GNOME 2.18 (due in a little over six months) is hoping to shake up the bundled games (the gnome-games package) by removing one game, and adding one new one. I took my part by voting for Mahjonng, Mines and Same GNOME. It’s clear to me, that Mahjongg is the one true GNOME game.

mail-notification, apt-build

Saturday, March 4th, 2006

A nice little discovery for the day was apt-build. I’ve never had cause to use it before but due to some incompatibilities with the GPL (under which mail-notification is licensed) and OpenSSL encryption support has been intentionally disabled in the package for mail-notification.

I need SSL support for checking my email and after doing some very quick reading somebody suggested apt-build. This did the job very quickly. I used apt-build build mail-notification and then edited debian/rules to comment out the --disable-ssl line before finally running apt-build install mail-notification to compile and install mail-notification with SSL support. For some reason the actualy install didn’t work but a quick dpkg -i on the resulting package did the trick.

Not as customisable as FreeBSD’s ports or Gentoo’s ebuilds, but a very neat feature that shows the designers of apt really thought things through.

Now I receive great notifications when I receive new email:

mail-notification.png

Compiz

Wednesday, February 15th, 2006

All the cool kids are doing it… why aren’t you?

I’m seriously impressed… I’ve got Xgl and Compiz running on my laptop (an i810 graphics chipset) and it all runs fairly speedily. The battery hit seems to be negligible (surprisingly) and as a result I get all sorts of cool goodies.

The coolest is Expose—hit F12 and see all of the open windows tiled on your desktop. This has been available for MacOS X for some time now. ALT+TAB has a fancy new dialogue, which is good eyecandy but also handy for finding the window you’re looking for. Windows now “burst” onto the screen and wibble-wobble when you move them about.

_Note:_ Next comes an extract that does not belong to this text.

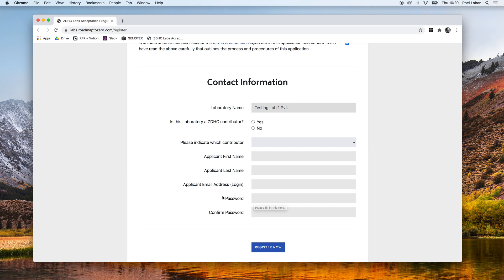After completing all these fields, click register now and you are immediately transferred to the platform. You have now successfully created your account.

There are a whole bunch more plugins that I haven’t got working yet—one of the coolest is the rotating cube desktop… but this still seems fairly elusive for most people.

Great work Dave Reveman!

Xgl, compiz

Friday, February 10th, 2006

Well, so much for my big plans. I managed to get Xgl running on my laptop, which has an Intel 855GM chipset (uses the i810 driver). Unfortunately there is a bug with the i810 driver that causes it to be horrendously slow. I understand this will be fixed some time, but for now Xgl is not usable on my laptop.

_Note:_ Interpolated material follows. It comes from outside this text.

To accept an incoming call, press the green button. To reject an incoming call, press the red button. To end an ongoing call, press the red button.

No such luck with my desktop machine, which has an NVIDIA Quadro NVS 280, which is basically a GeForce 4MX. Known issues with the GeForce 2 and 4 chipsets mean that I get a black screen. No amount of attempting to compile the “fixed” CVS code has worked. I guess I’ll just have to wait a bit. It’s no big deal, anyway, as currently things don’t seem to work with TwinView (two displays) anyway. Maybe for this I just have to wait until NVIDIA release updated drivers that support the new extensions, instead of the Mesa libGL.

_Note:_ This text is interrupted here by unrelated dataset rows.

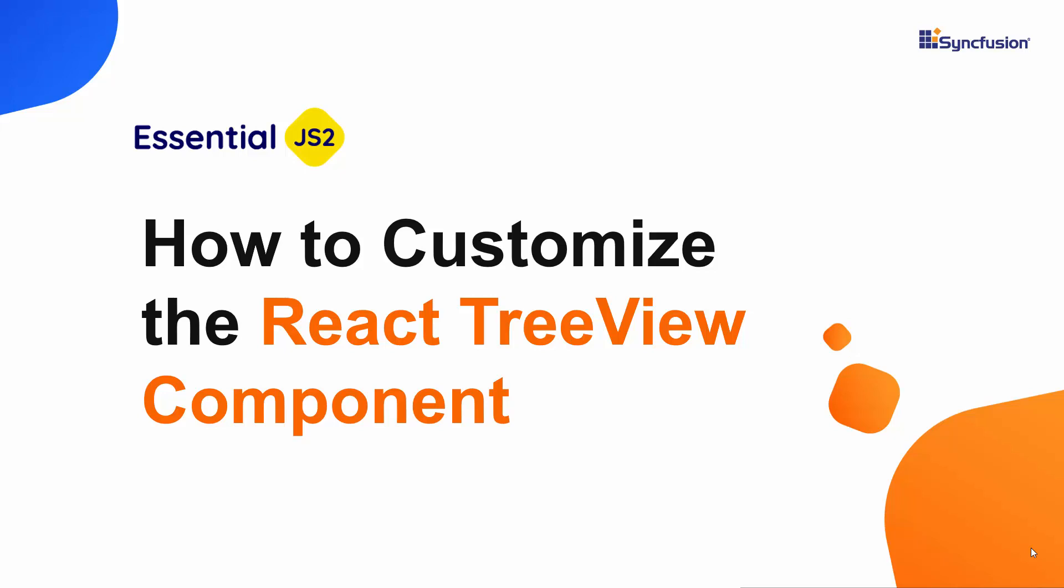Hi everyone, welcome back. In this video, I will show you how to customize the appearance of the React TreeView component using the node template option.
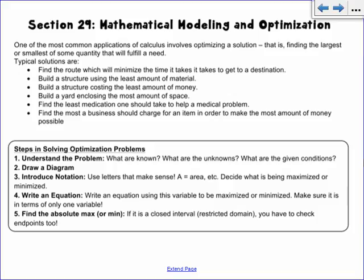Section 29 is on optimization. We're going to spend a couple days talking about it — it can be a particularly challenging topic. Basically, optimization means you're finding the maximum or minimum of something. Typical examples: find the route which minimizes time or distance, build a structure using the least amount of material, build a structure costing the least amount of money, build a yard enclosing the most amount of space, find the least medication one should take to help a medical problem. So you're trying to find maximums and minimums.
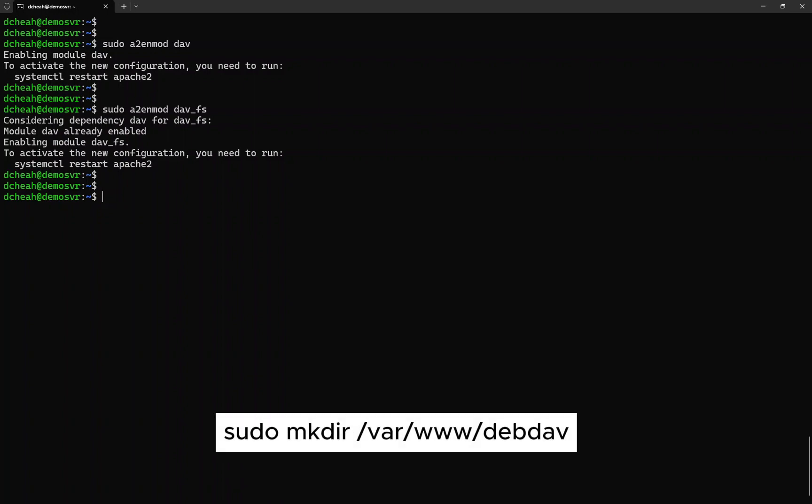Next, we need to create a WebDAV folder. Ensure this folder resides inside the Apache working directory.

As for the photoblog… well, didn’t do that either. Or go to Kro bar. Or go take some crappy photos in the evening. Hehe, so, I didn’t do a great deal. Anyway, time to head out for some food and then I’ll have a play with some PHP or Ruby on Rails for this photoblog.

GNOME power management

Friday, February 10th, 2006

Finally! GNOME has a decent power management applet… the defaults are a little un-sane (somehow insane doesn’t seem right) as it decided that running on AC power my display should not be at full brightness.

This is a turn for the better… it even has buttons, sliders and options to configure it, which is a lot more than can be said for the latest reincarnation of the GNOME screensaver.

I wonder how long before the GNOME interface Nazis get their hands on this great little application… time will tell.